D’Souza’s treatment was successful and for the next several years he was well again. In Dubai the couple were able to advance in their shared field. D’Souza became an on-air reporter and by the time the immigration applications they they had submitted in Canada in 2005 were approved D’Cruz had served as the deputy editor of two publications.
In 2010, D’Cruz and D’Souza, returned to Canada to live as a newly married couple in Toronto. Once again D’Cruz quickly found work, this time as a news writer for the Weather Network. Sean’s condition had left him prone to seizures so he was not permitted to drive. Since a driver’s license is an invaluable asset for a reporter, Sean’s temporary hiatus from journalism became permanent. Nevertheless, D’Cruz and D’Souza were allowed one more year of relative good health and peace.
In July 2011 the symptoms of Sean’s brain tumor returned and the couple’s fears were confirmed: Sean was sick and his health was deteriorating rapidly.
“It’s very difficult to see this big 5’11” guy who can carry you and throw you around completely be reduced to someone who can’t do anything for himself,” said D’Cruz. “I think that was the hardest part.”
An accomplished writer and athlete, everything that could be taken from Sean by his illness was.
“He would forget words, he would forget what he was saying sometimes,” said D’Cruz. “His mind and his body, the two things that actually define this guy, were just taken away from him.”
Sean died in January 2012.
Beverley Ann took six weeks off of work to grieve. Joined by Sean’s mother, who had stayed with them in Canada for several months, she flew with her husband’s body back to India.
For D’Cruz, who had been so pragmatic throughout her husband’s illness, there was no question of how to proceed: the way Sean would have.
“I took the cue from him with regards to how to deal with it,” said D’Cruz.
After a sabbatical, she returned to work.
“It was ver, very hard. And it still is. I still have good days and bad days, but I always try to ask myself ‘What would Sean have done?'” said D’Cruz. “He would not be sitting down and crying in a corner.”
So D’Cruz ploughed forward, taking each day in turn and continuing to pour energy into her work. In 2011 she had begun to work for Sympatico.ca, which became The Loop, an online magazine, in December 2012. She currently works for The Loop as editor of the site’s living section.
As editor, D’Cruz channels her creative energy toward content generation. She brainstorms with section writers and freelancers for themes and story ideas, and sometimes works with the advertising department to help market the site.
Because her job at The Loop doesn’t involve writing, D’Cruz launched a food blog called Table for One in August 2012. D’Cruz grew up with a passion for cooking.
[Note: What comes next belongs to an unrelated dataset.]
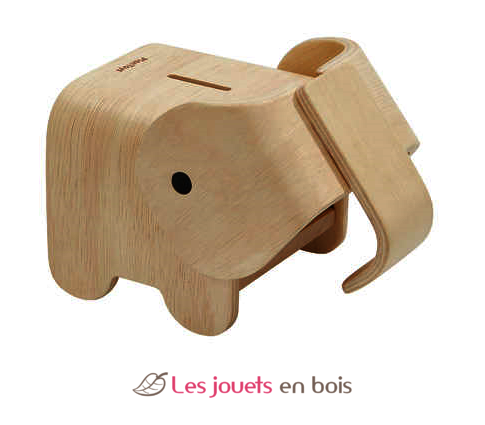 Elephant money box Plan Toys The green company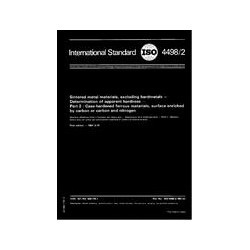 ISO 4498-2:1981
Her late husband’s passion for eating made them especially compatible. Because food was always an important aspect of their relationship, Table for One chronicles her life as a widowed foodie.
Despite bumpy travelling, D’Cruz is thankful to have arrived where she is, both literally and figuratively.
“I’ve had this fantastic job, I’ve met fantastic people,” she said. “I’ve gone on some amazing trips thanks to my work. Everybody dreams about doing a job where they get to travel, where they get to meet new people and basically do something that they love. And aside from the fact that unfortunately I was widowed at a very young age, I really have nothing to complain about.”
Her strategy for overcoming life’s inevitable, but not necessarily defeating, hurdles is something anyone can practice.
“I’ve learned not to plan too much. I mean just go with the flow, and just be happy with every day and just accept every day as it is.”